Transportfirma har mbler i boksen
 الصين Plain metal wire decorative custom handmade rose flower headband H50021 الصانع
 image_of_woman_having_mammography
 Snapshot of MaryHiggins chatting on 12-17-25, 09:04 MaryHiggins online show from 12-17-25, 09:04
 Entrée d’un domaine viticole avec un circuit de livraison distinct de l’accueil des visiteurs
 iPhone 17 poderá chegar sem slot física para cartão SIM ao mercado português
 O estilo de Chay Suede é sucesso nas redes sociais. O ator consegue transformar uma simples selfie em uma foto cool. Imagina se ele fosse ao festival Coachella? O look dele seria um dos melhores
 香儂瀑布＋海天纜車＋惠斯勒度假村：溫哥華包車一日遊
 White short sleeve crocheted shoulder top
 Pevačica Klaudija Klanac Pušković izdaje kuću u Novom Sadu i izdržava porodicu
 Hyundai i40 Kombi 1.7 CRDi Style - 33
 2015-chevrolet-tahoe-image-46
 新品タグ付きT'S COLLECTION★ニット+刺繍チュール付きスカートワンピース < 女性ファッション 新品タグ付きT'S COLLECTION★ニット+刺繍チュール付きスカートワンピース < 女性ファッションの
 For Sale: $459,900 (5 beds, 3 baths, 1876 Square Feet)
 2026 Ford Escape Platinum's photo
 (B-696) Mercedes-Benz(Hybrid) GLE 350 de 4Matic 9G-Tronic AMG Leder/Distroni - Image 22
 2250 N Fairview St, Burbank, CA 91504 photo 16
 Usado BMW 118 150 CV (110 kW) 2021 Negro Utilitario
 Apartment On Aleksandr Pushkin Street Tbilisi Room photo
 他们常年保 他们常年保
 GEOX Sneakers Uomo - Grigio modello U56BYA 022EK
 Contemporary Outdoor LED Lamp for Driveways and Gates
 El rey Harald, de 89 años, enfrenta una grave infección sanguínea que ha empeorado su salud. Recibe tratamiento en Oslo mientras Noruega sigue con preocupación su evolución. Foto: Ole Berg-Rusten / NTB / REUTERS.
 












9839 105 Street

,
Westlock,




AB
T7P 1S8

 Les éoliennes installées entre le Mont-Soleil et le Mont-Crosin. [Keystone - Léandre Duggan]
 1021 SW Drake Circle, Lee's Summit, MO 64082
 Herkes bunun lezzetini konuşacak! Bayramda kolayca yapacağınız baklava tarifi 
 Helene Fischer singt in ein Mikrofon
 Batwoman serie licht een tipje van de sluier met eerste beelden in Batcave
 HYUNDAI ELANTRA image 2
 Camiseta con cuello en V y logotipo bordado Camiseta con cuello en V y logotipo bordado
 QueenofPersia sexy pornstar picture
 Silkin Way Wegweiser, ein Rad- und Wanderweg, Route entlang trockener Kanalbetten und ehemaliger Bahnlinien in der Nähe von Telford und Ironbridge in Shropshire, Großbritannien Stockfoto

◆ ◆ ◆ ◆ ◆

EXERCISE GOAL
Copy every line of the data where "Street" is found.

FINISHED TASK
 Apartment On Aleksandr Pushkin Street Tbilisi Room photo
9839 105 Street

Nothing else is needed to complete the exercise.